* TASK PROMPT
Retype the opening lines of the listing below, ending with the line that contains "120 meters to", and leave out any pictures.

* DATA
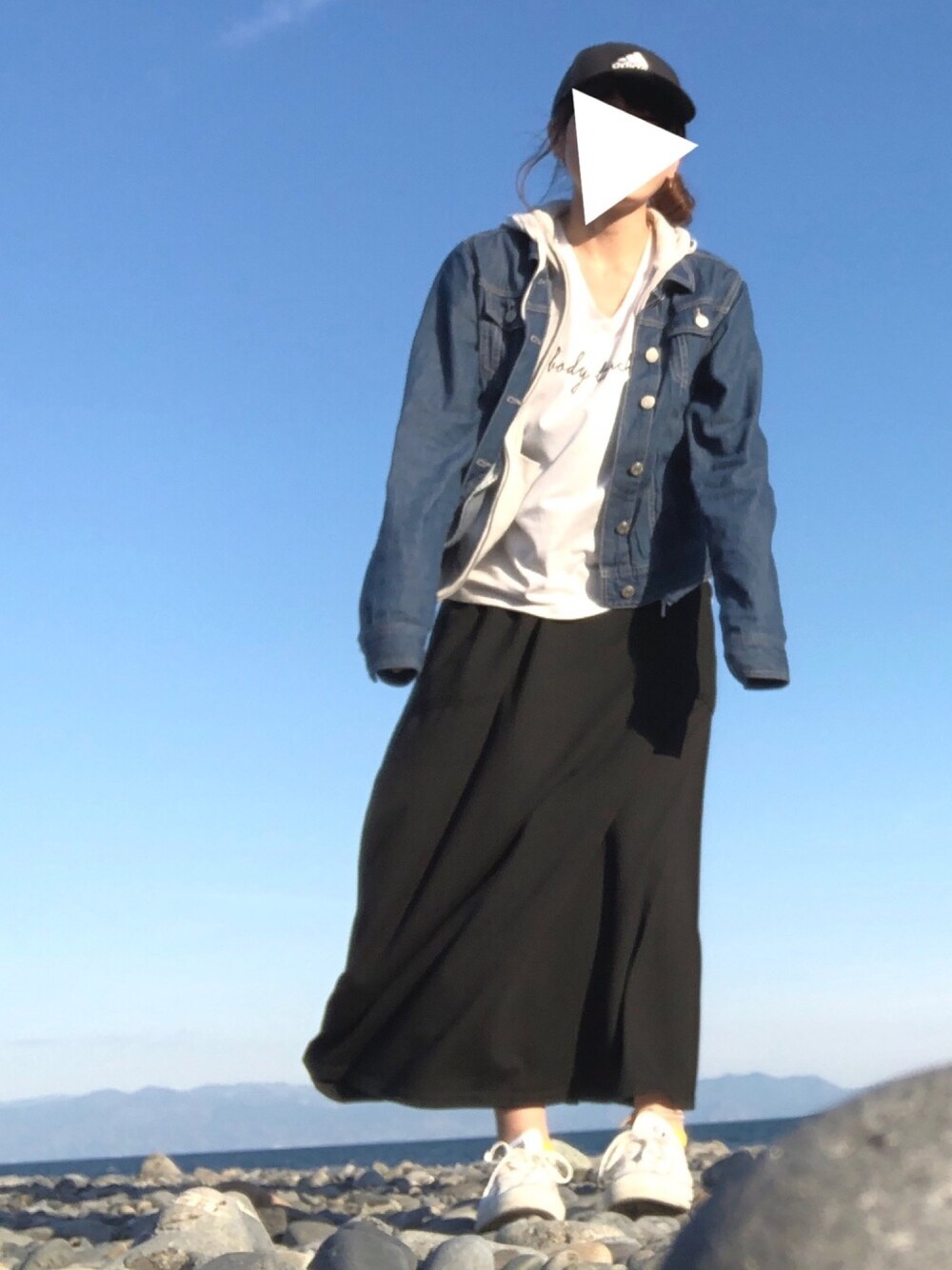 「キャップ、デニムジャケット、黒スカート、白スニーカー、三保の松原、おしゃれさんと繋がりたい」｜「adidasのアイテム（ニットキャップ/ビーニー、ブラック系）」を使った、涼菜さん（レディース・153cm）の春コーディネートの1枚目の写真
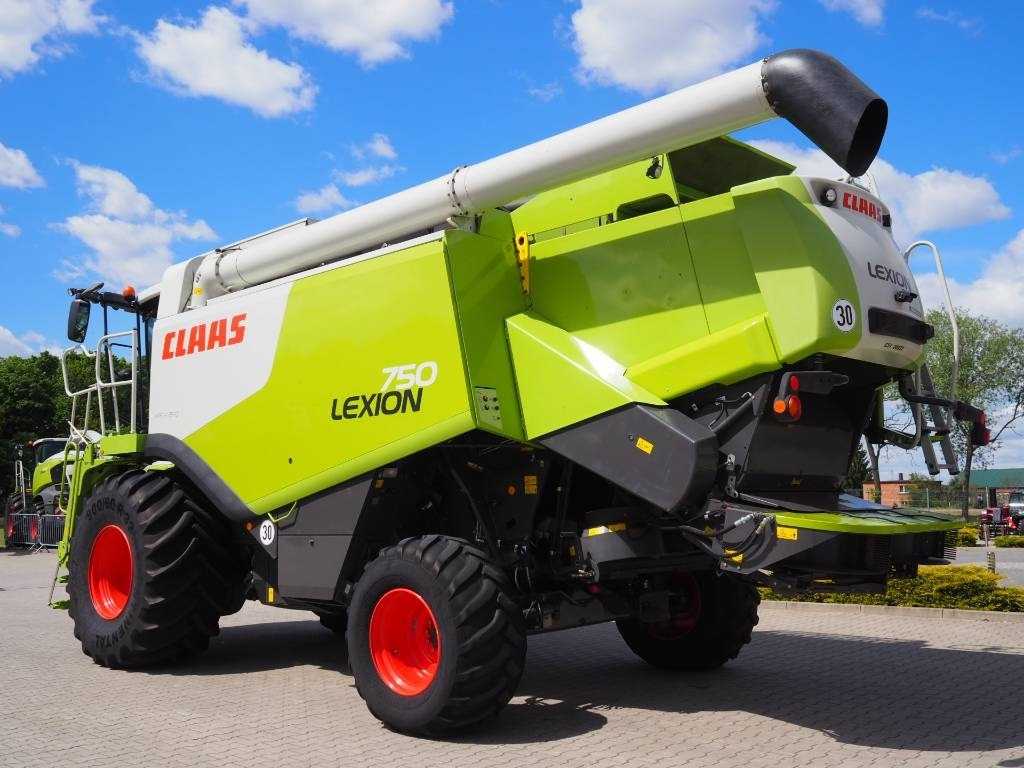 Claas Lexion 750 MONTANA 4WD + V900 - Combine harvester: picture 2 Claas Lexion 750 MONTANA 4WD + V900 - Combine harvester: picture 2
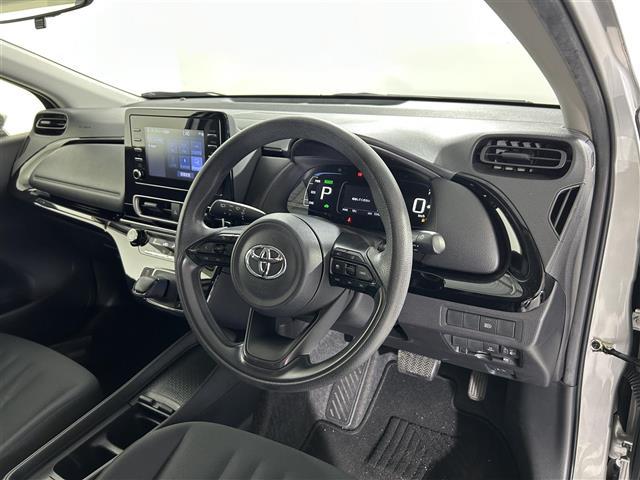 アクア Ｘ　純正８インチディスプレイオーディオ　衝突被害軽減装置　ＬＥＤヘッドライト　ドライブレコーダー　レーダークルーズコントロール　ロードサインアシスト　カープレイ　スペアキー　ビルトインＥＴＣ　ＡＣ１００Ｖ（13枚目）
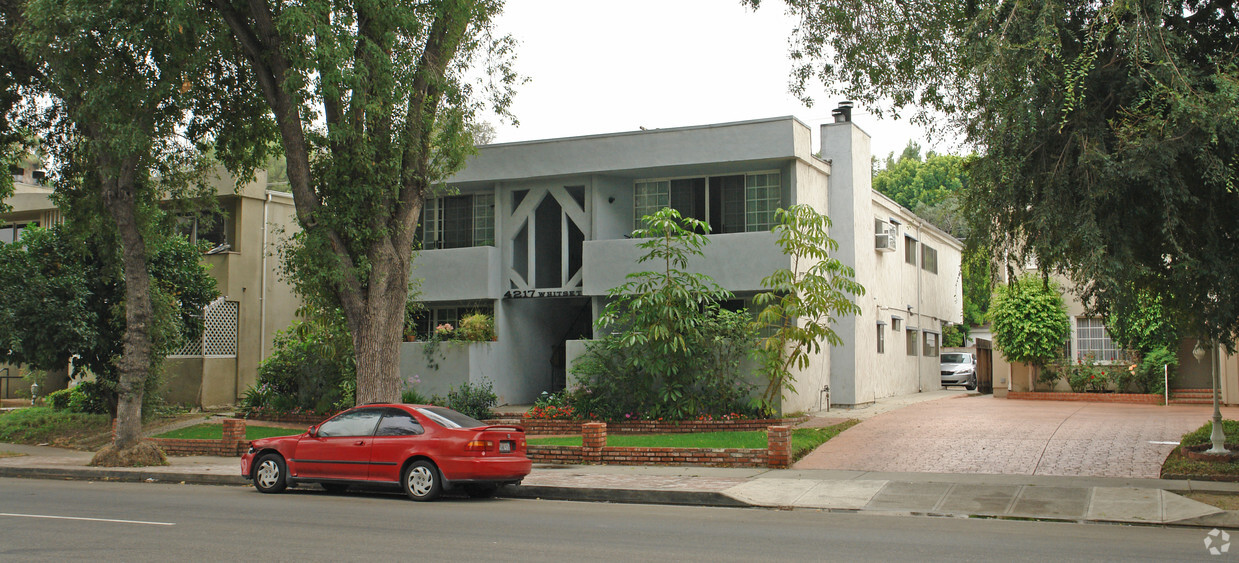 Foto principal - 4217 Whitsett Ave
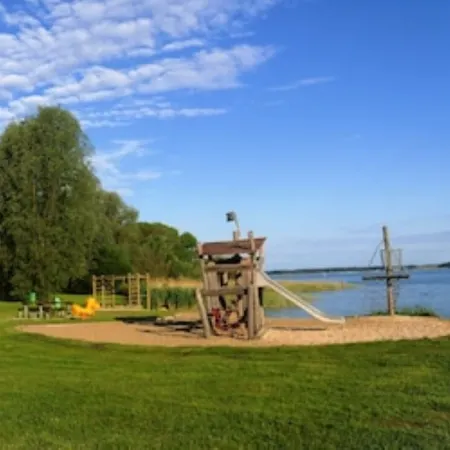 120 meters to the lake - vacation apartment with top equipment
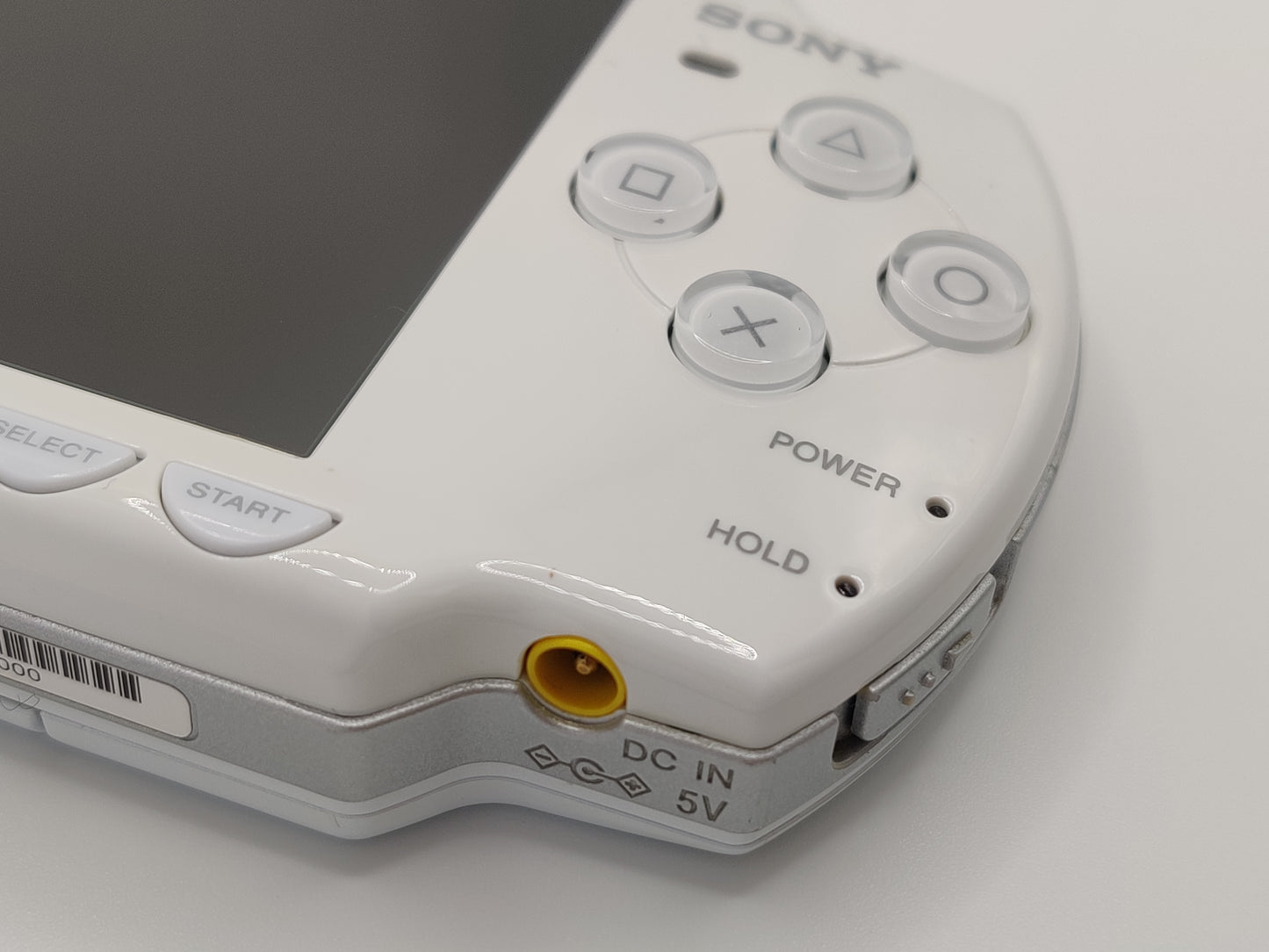 Pearl White PSP 2000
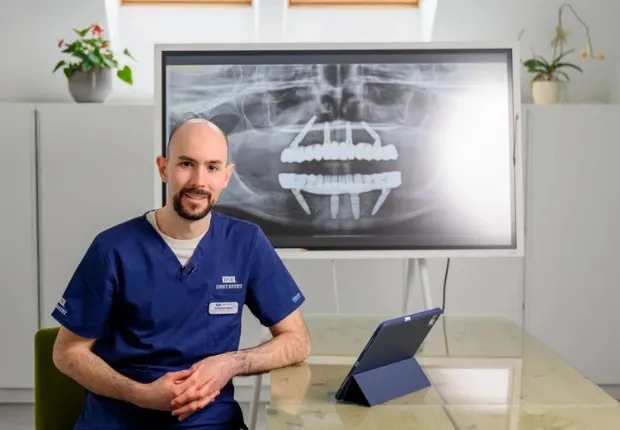 Dr. Horaţiu Dobre cu radiografie All-on-4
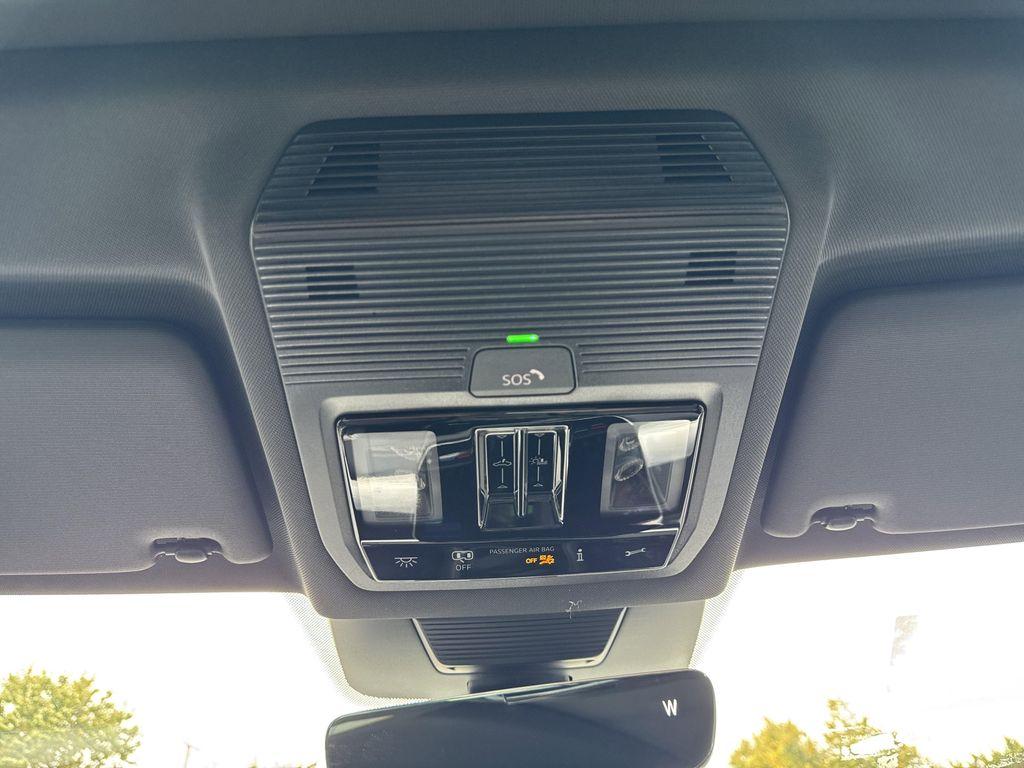 new 2025 Volkswagen Tiguan car, priced at $37,702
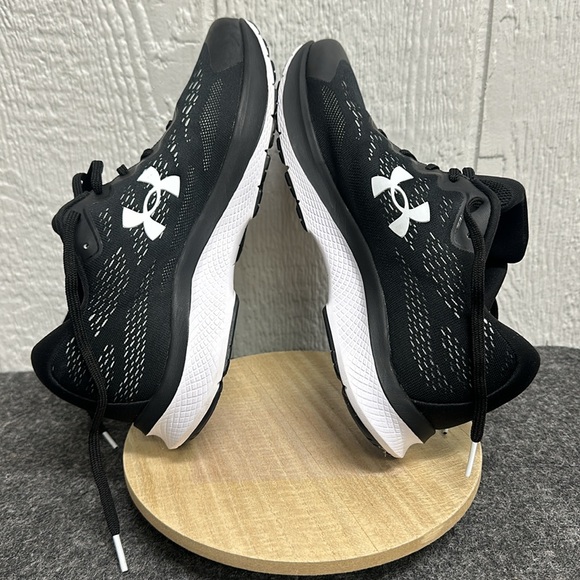 Under Armour Women’s Charged Bandit size 10.5 - Picture 4 of 16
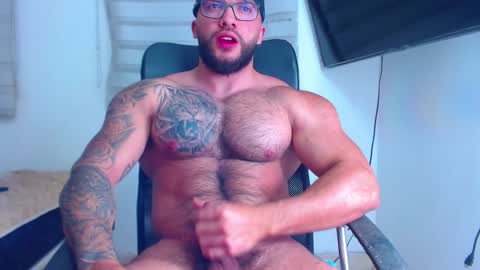 Snapshot of andrew_holden__ chatting on 9, 1, 2025 andrew_holden__ online show from 9, 1, 2025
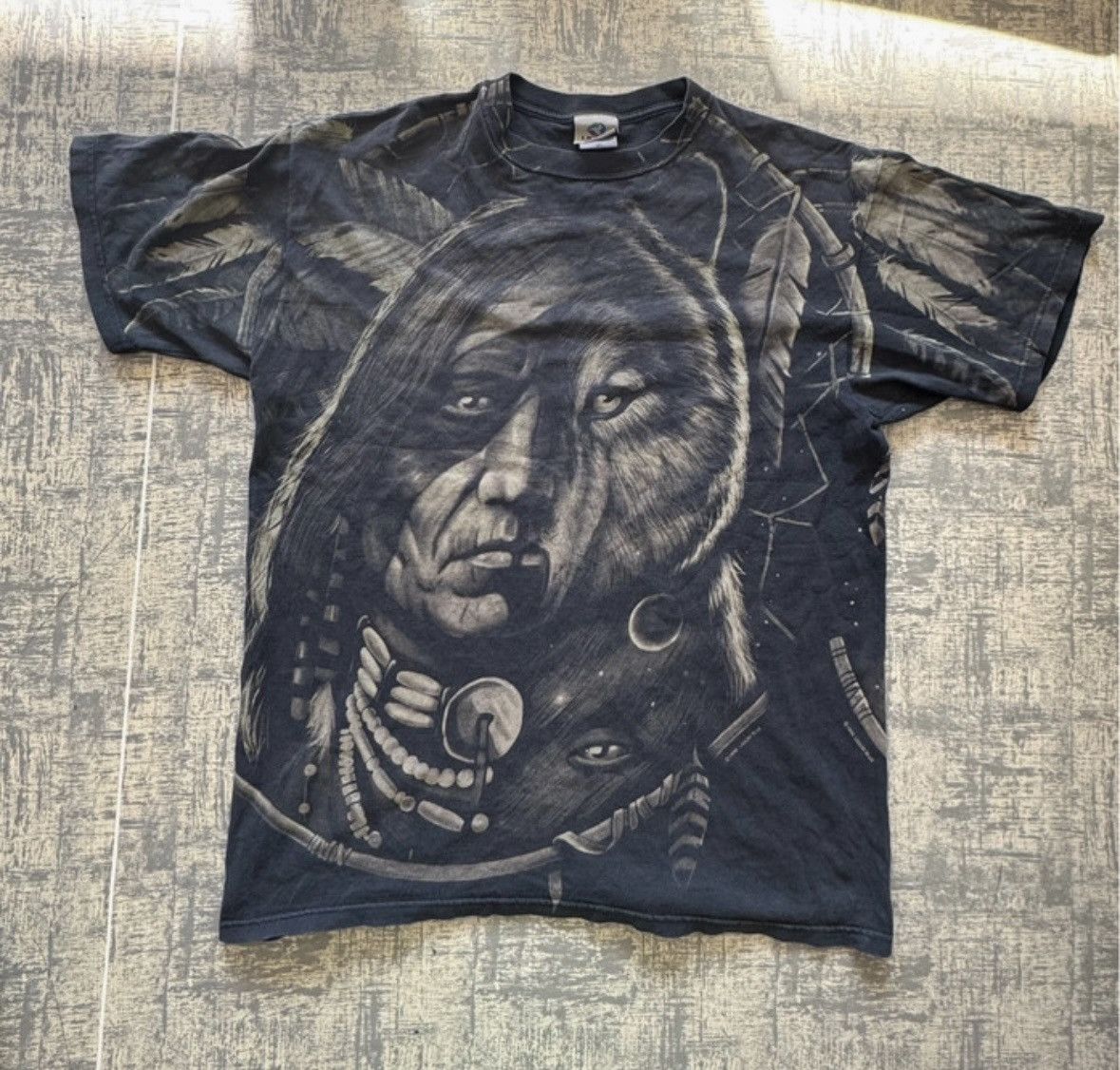Band Tees × Liquid Blue × Vintage Vintage 1993 Liquid Blue Indian Chief Wolf Over print Tee Size US L / EU 52-54 / 3 - 1 Thumbnail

* WRITTEN ANSWER
 「キャップ、デニムジャケット、黒スカート、白スニーカー、三保の松原、おしゃれさんと繋がりたい」｜「adidasのアイテム（ニットキャップ/ビーニー、ブラック系）」を使った、涼菜さん（レディース・153cm）の春コーディネートの1枚目の写真
 Claas Lexion 750 MONTANA 4WD + V900 - Combine harvester: picture 2 Claas Lexion 750 MONTANA 4WD + V900 - Combine harvester: picture 2
 アクア Ｘ　純正８インチディスプレイオーディオ　衝突被害軽減装置　ＬＥＤヘッドライト　ドライブレコーダー　レーダークルーズコントロール　ロードサインアシスト　カープレイ　スペアキー　ビルトインＥＴＣ　ＡＣ１００Ｖ（13枚目）
 Foto principal - 4217 Whitsett Ave
 120 meters to the lake - vacation apartment with top equipment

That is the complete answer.